When they opened labs, lots of engineers built on greasemonkey scripts. Lots of stuff is being built, some stuff good some bad. Someone even built Snake (the game) into Gmail.

The benefit of developing on Gmail is the user base is so large.

There will be a number in top right of screen will show you how many beta apps you have installed.

“Gmail Labs is taking the 20% of your own project time idea to next level.” It allows internal engineers to have a ready audience for their creations. Right now all of these ideas are Google’s internal ideas, any engineer can code a labs feature in 20% time. Once it’s working it will go out to users in the next code build.

It is not open to non-Google engineers, at least yet.

There is a code review vetting process to make sure it doesn’t break, but no user interface analysis or product analysis. It just has to be functional code to push out. Features can literally modify anything in the Gmail code base. They would like to get to the point where more people build on this — that world needs one interface, a more restricting one.

They have no plans to launch the open developer platform for others. Non-Googlers can build on the platform eventually, but it will require less interface because they can change any aspect of the code.

They’re interested in letting third parties eventually do things, but for now third parties go through send feedback.

Anyone can send feedback directly to the developers of these add-ons.

Gmail Add-on Examples:

Quick Links: adds a box to the left column that gives you 1-click access to any bookmarkable url in Gmail. You can use it for saving recent searches, important individual messages, and more

Superstars: adds additional star icons

Pictures in Chat: see your friends’ profile pictures when you chat with them

Fixed Width Font: adds an option to the reply dropdown menu that lets you view a message in fixed width font

Custom Keyboard Shortcuts: lets you customize keyboard shortcut mappings. Adds a new settings tab from which you can remap keys to various actions

Mouse gestures: Use your mouse to navigate with gestures. Hold right click and move the mouse left to go to a previous conversation, move right to go to the next conversation, and move up to go back to the inbox view.
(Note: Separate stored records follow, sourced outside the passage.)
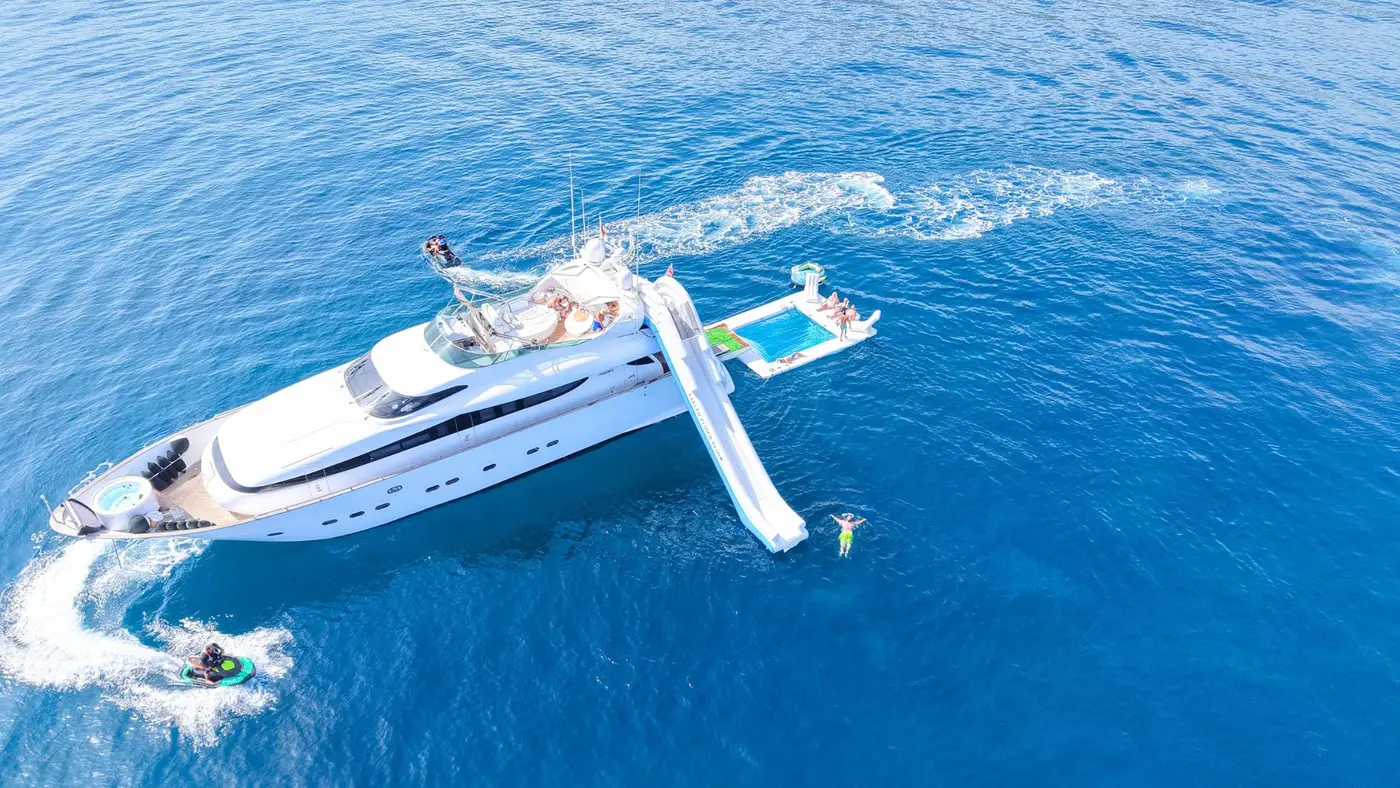 Maiora 26DP Malex at anchor with slide, pool and jet skis alongside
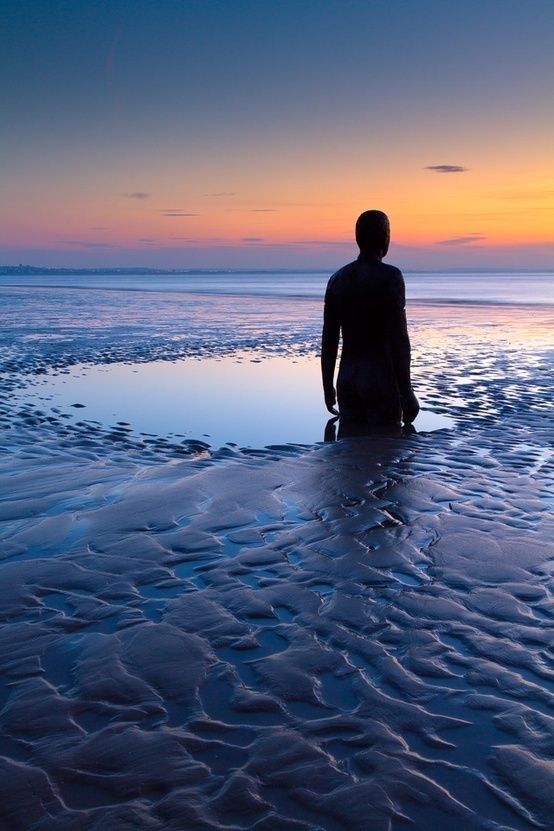 Photographs of Antony Gormley's 'Another Place' by Paul Sutton | Imaginary Foundation #sun #water #photography #colors #silhouette #rise #beach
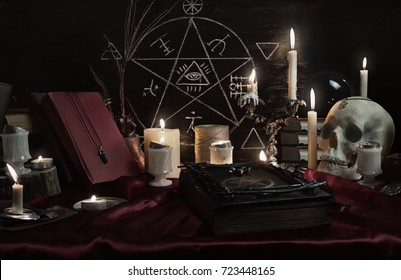 Witchcraft composition with human skull, candles, magic book and pentagram symbol. Halloween and occult concept, black magic ritual.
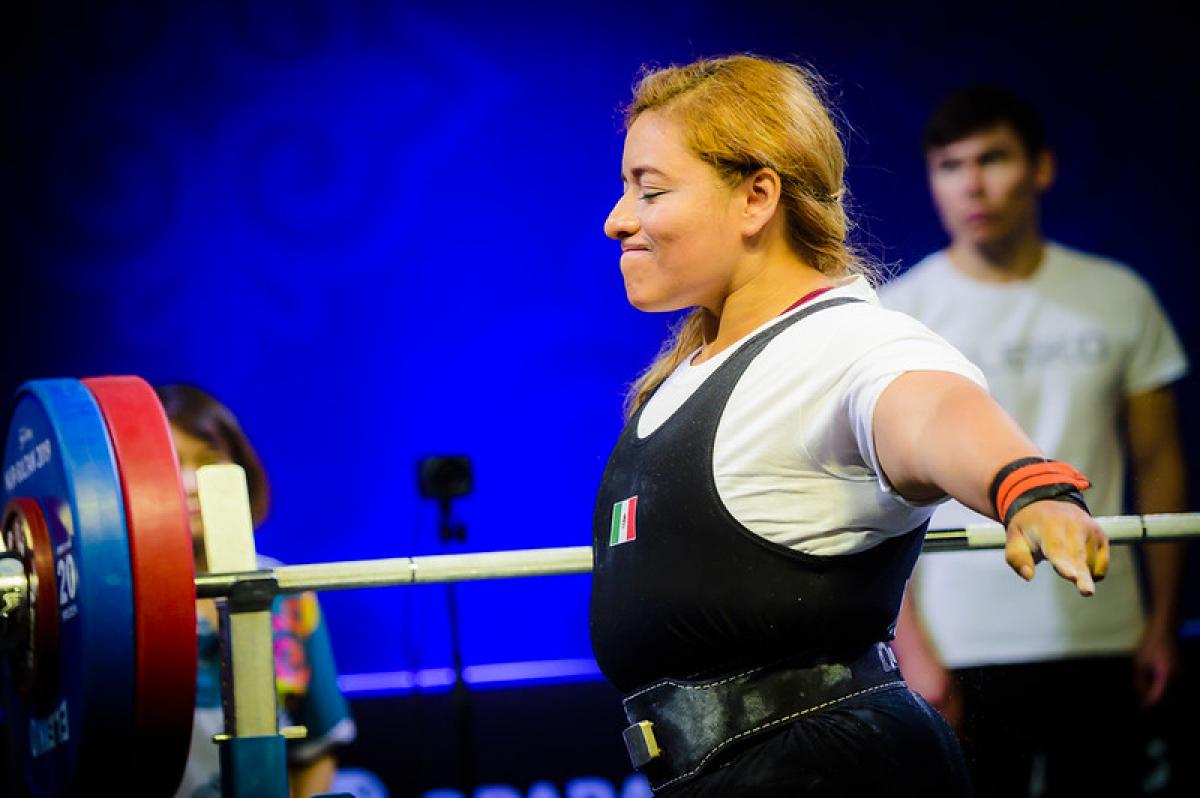 A woman stretching her arms in front of a bench press in a powerlifting competition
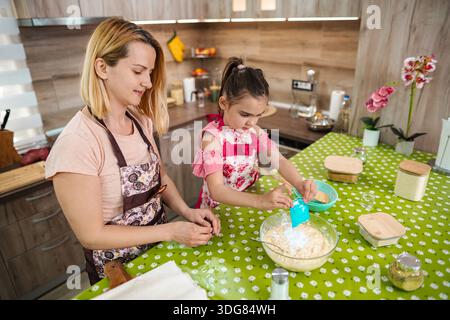 Cuocere con la mamma in un pomeriggio di sole porta gioia Foto Stock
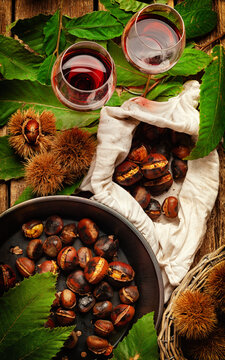 Roasted chestnuts in iron skillet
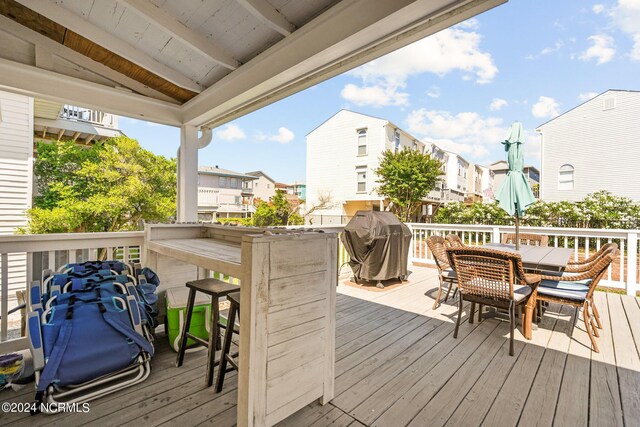 wooden terrace with area for grilling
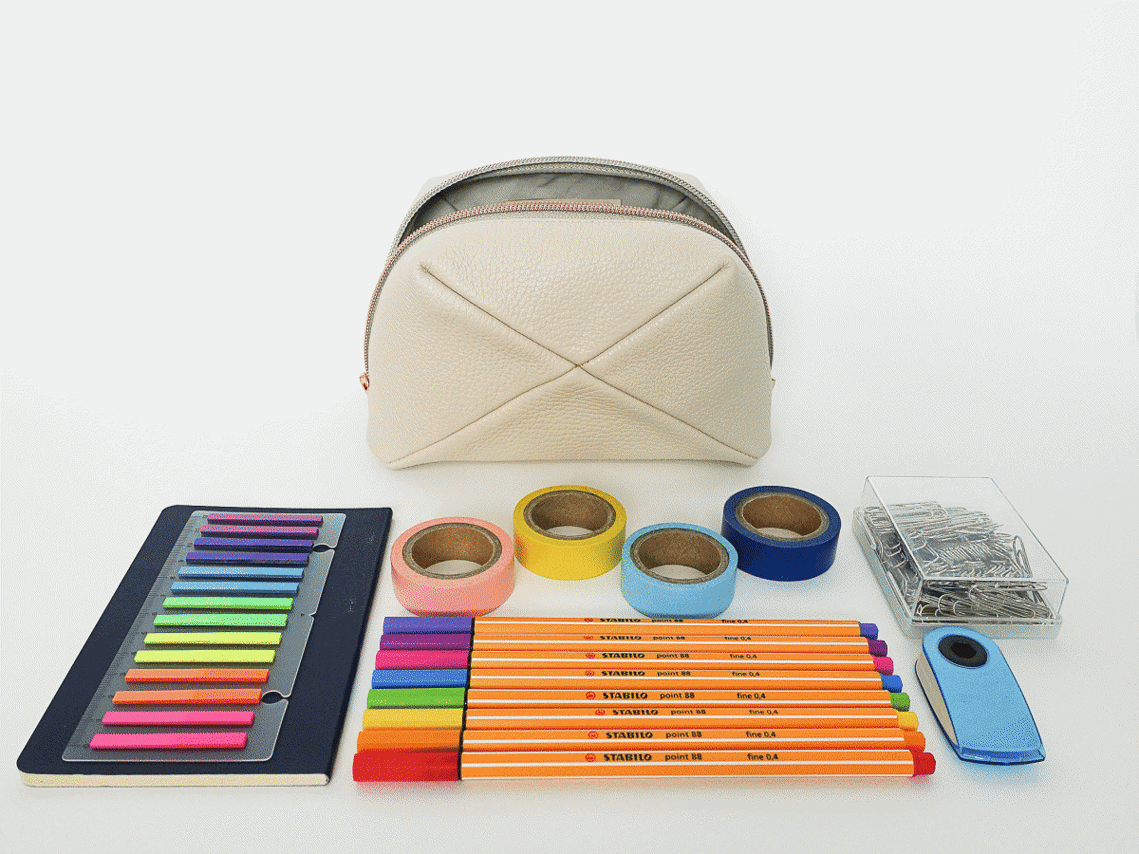 Stop motion video of the Stella pouch. Handcrafted beige leather pouch with a unique geometric design. Made in Delft, Netherlands. It features premium pebble grain leather and a rose gold zip. Perfect for storing beauty essentials or stationary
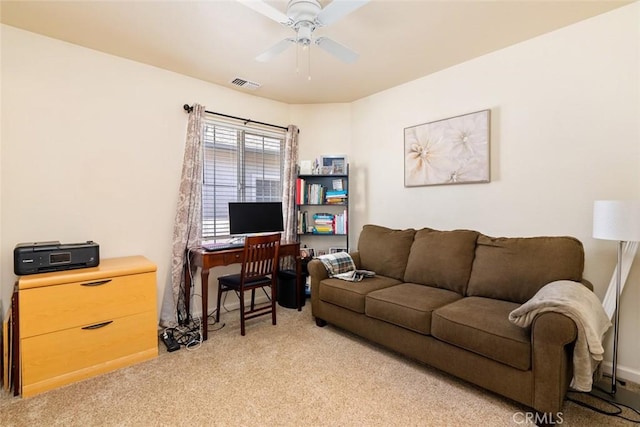 interior space with a ceiling fan, light colored carpet, and visible vents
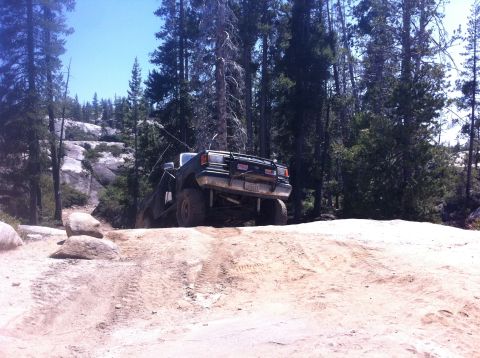 1990 Ford Bronco - A dark green 1987 Ford Bronco navigates a challenging off-road trail in a wooded, rocky area.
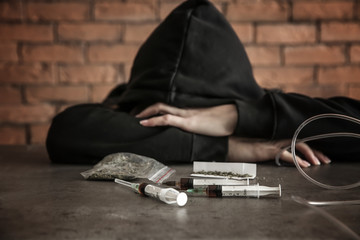 Female junkie with drugs at grey table. Concept of addiction
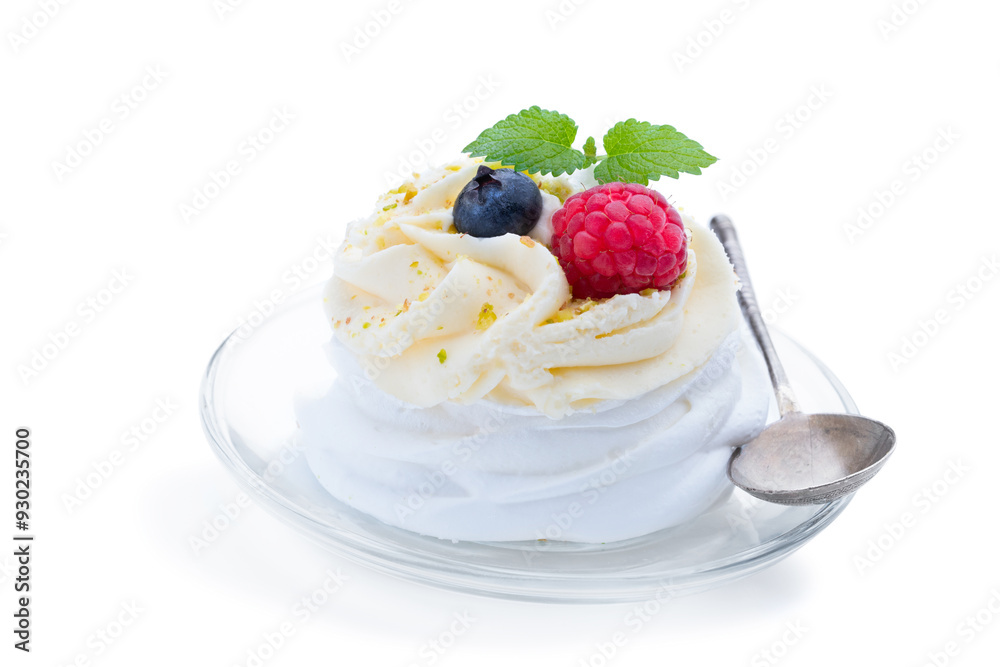 Mini Pavlova meringue nest with berries and whipped cream isolated on white Mini Pavlova meringue nest with berries and whipped cream isolated on white
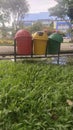 Trash bins are located in a park, so that visitors do not throw rubbish carelessly Royalty Free Stock Photo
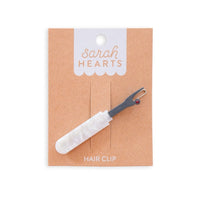 Hair clip shaped like a seam ripper with a pearlized handle on  "Sarah Hearts" packaging. 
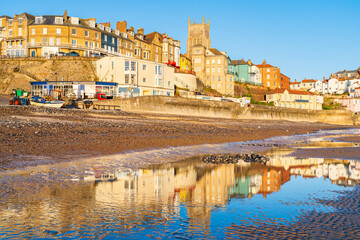 Sea reflections of buildings in the North Norfolk town of Cromer including the 19th Century Parish...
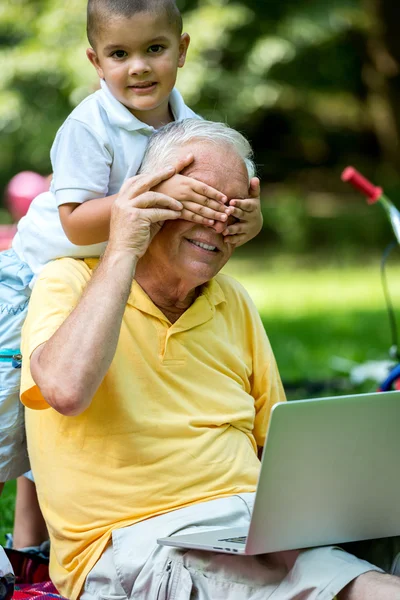 Дед и ребенка с использованием портативного компьютера — стоковое фото
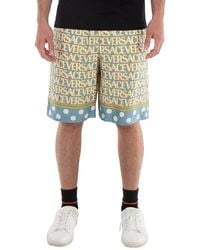 Versace - All-Over Logo Print Shorts - Lyst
It works best on Windows.

Signature tweaks: Places your signature before the quoted text in a reply

Take A Break: locks you out of your Gmail for 15 minutes (you can refresh to get out of it). When it locks you out it says, “Break time! Take a walk, get some real work done, or have a snack. We’ll be back in 14 minutes!”

Users can enable or disable these modules.

The description on the top of the Labs tab in settings: Gmail engineers come up with new ideas all the time. Gmail Labs is our place to try them out and get your feedback. None of these features are really ready for prime time yet, so they might change, break, or disappear at any time.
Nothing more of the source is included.